La hausse des dépenses publiques algériennes a toutes les chances de continuer à pousser la consommation intérieure, et partant, la consommation d’énergie de l’Algérie. Cette évolution, conjuguée à l’essoufflement de la hausse des extractions, indique que l’Algérie ne constituera pas un relais majeur en termes d’approvisionnement énergétique pour ses partenaires commerciaux.

Or, l’Union européenne représente plus des deux tiers des exportations totales de pétrole brut de l’Algérie en 2022 (dont 18 % pour la France) et est donc particulièrement impactée par la baisse des capacités exportatrices.

Sur le gaz naturel, la place de l’UE est encore plus prépondérante, car les États membres captent plus de 95 % des exportations de 2022.

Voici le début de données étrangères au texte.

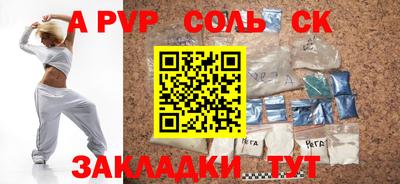 дмт Заволжье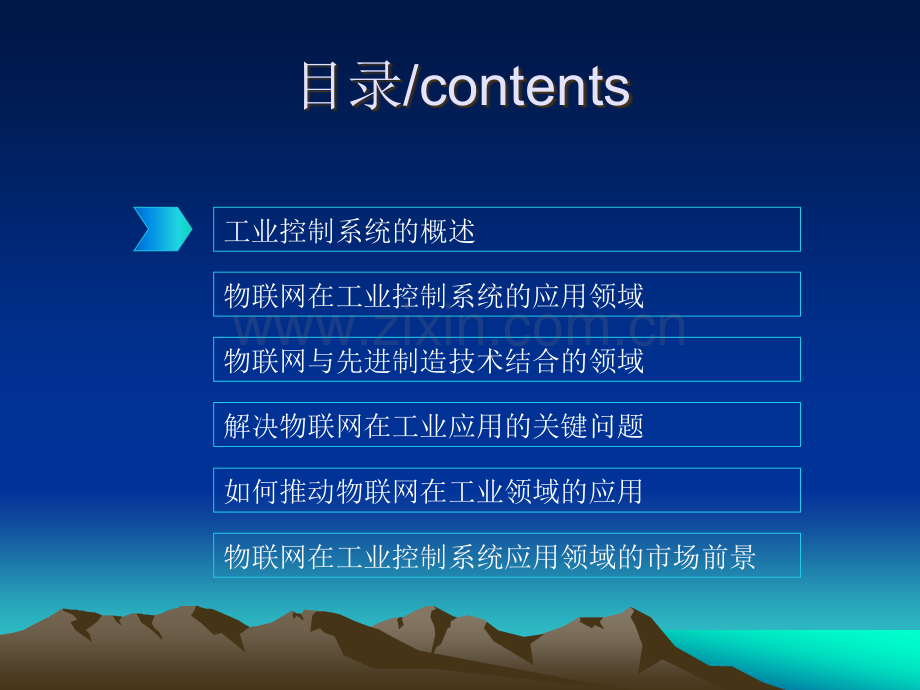 物联网在工业控制系统中的应用.ppt_第2页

Cette ultra-dominance de l’UE est expliquée par l’existence de gazoducs dirigés vers l’Espagne et l’Italie, qui représentent encore 80 % des exportations de gaz (contre 20 % pour le GNL). Cependant, le développement rapide du gaz liquéfié algérien pourrait venir concurrencer l’UE en tant que seule destination possible des exportations. Ajoutés à la hausse de la consommation intérieure, ce tableau illustre le faible potentiel de l’Algérie en tant que remplaçant du gaz russe et rend d’autant plus incompréhensible la stratégie de long terme de l’Europe pour sécuriser ses approvisionnements énergétiques.